Swift Async Algorithms: Design Guidelines

DevAndArtist · November 27, 2022, 7:47am

That caught my attention. Would you mind to provide very minimal examples for those cases? I find myself running into bugs when working with back pressure mechanics. For example flatMap works fairly different with AsyncSequence than it does in RxSwift.

David_Smith · November 27, 2022, 10:13am

I think I’d need to see specifics, but maybe it’s the difference between “like a one-shot callback block” and “like a block that’s registered once and called repeatedly”?

tcldr · November 27, 2022, 10:25am

That's an interesting perspective, this is kind of fundamental to rule 2.1.4.

My own opinion is that it's going to be very difficult to reason about a pipeline that has multiple buffers (of the unbounded/latest/earliest variety) placed throughout its length.

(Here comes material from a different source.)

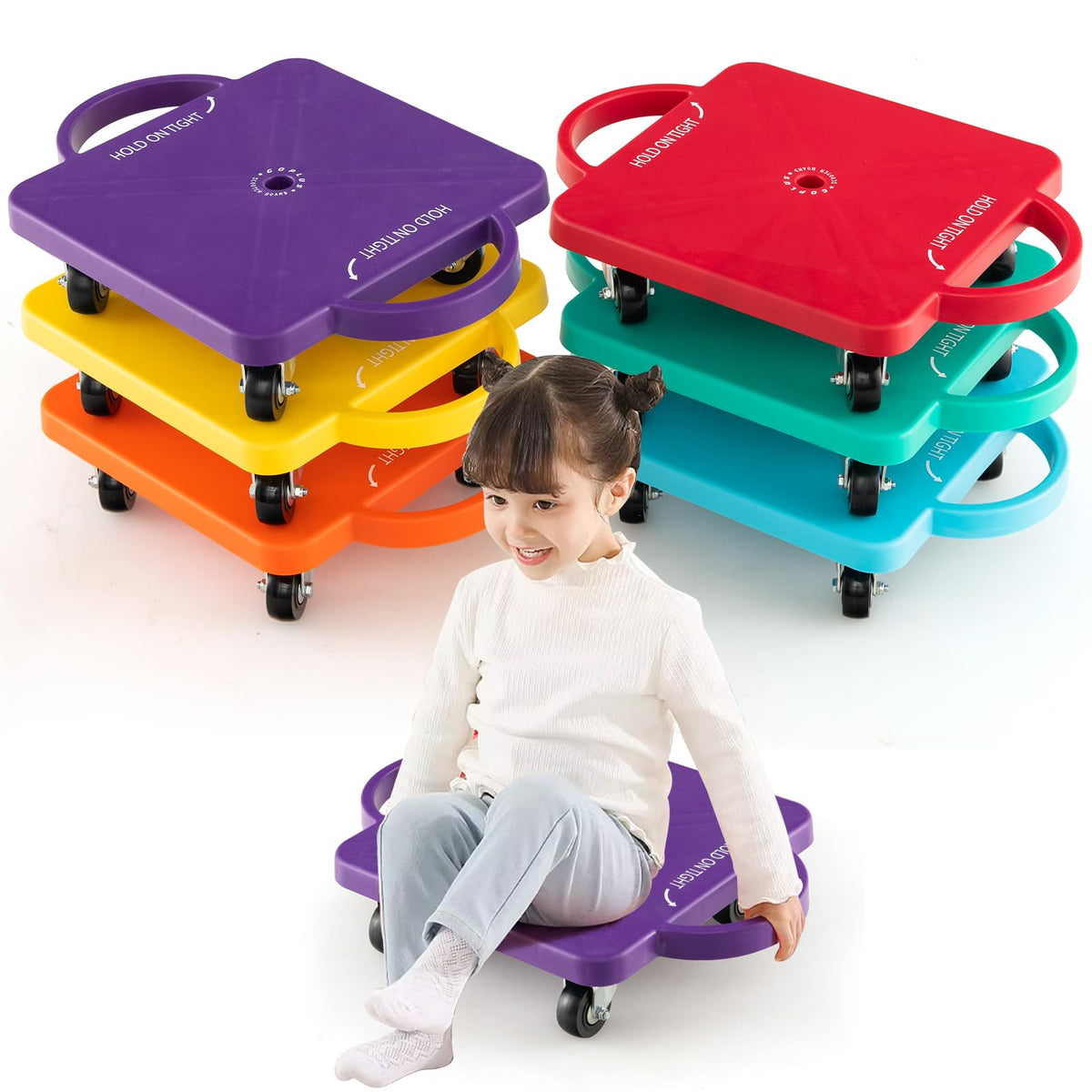 Sitting Floor Scooter Board with Handles & Non-Marring Casters for Kid ...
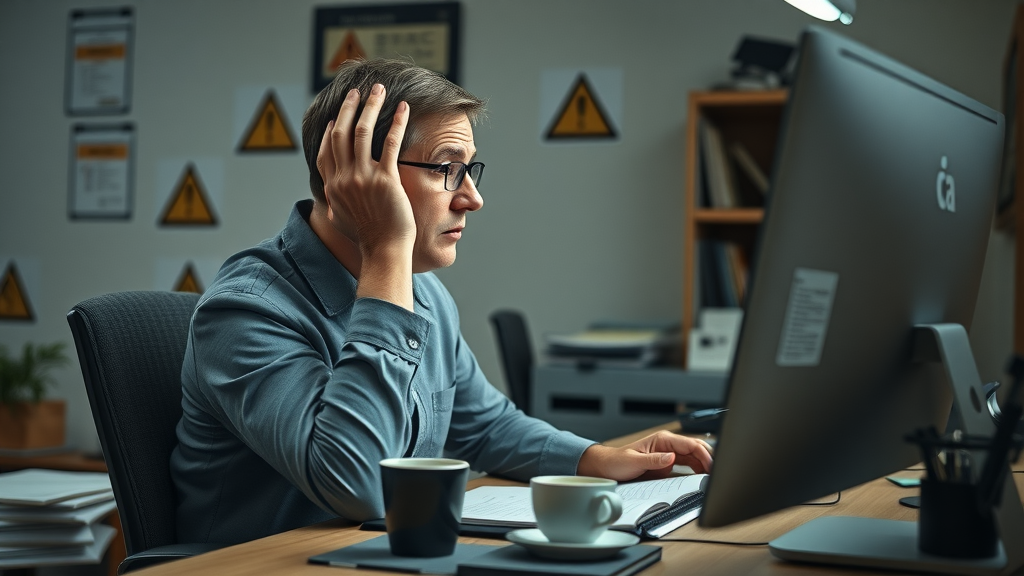 Concerned business owner at a computer reviewing AI SEO warnings in a modest office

The idea behind 2.1.4 is that whilst a pipeline that maintains back pressure from the point of consumption to the point of production can easily be converted into one that does not – through the placement of a buffer – the reverse is not true. Therefore, the algorithms for SAA should support back pressure as a default, and programmers can then compose the behavior they want either way. In other words, algorithm designers need to be mindful of the effect of placing a buffer in their algorithm.

Going back to the push/pull analogy (if it holds), I'm not sure that you're converting from a pull/push by placing a buffer, it's more like adding an additional source of 'pull' locomotion up the pipeline. It's not too dissimilar to plumbing in that regard, if you place a bunch of pumps at different levels you have to be careful not to cause a flood.

I think the natural polarity of the overall system is important, it does inform the design of the algorithms.

lukasa · November 28, 2022, 8:35am

While your insights are generally applicable here, it is important to grasp that "placing a buffer" doesn't imply "abandoning backpressure". You can continue to maintain backpressure while using a buffer to invert a push model to a pull model. SwiftNIO exposes just such a type: NIOAsyncSequenceProducer. We needed this to deal with exactly the situation that @David_Smith discussed: NIO's ChannelPipeline has a push model, AsyncSequence has a pull model, so we had to turn the backpressure model around.

The mere presence of a buffer does not inherently make a pipeline more difficult to reason about. The presence of a buffer that is unbounded and doesn't exert backpressure most certainly does. That's not a reason not to do this, but it is a reason to take particular care.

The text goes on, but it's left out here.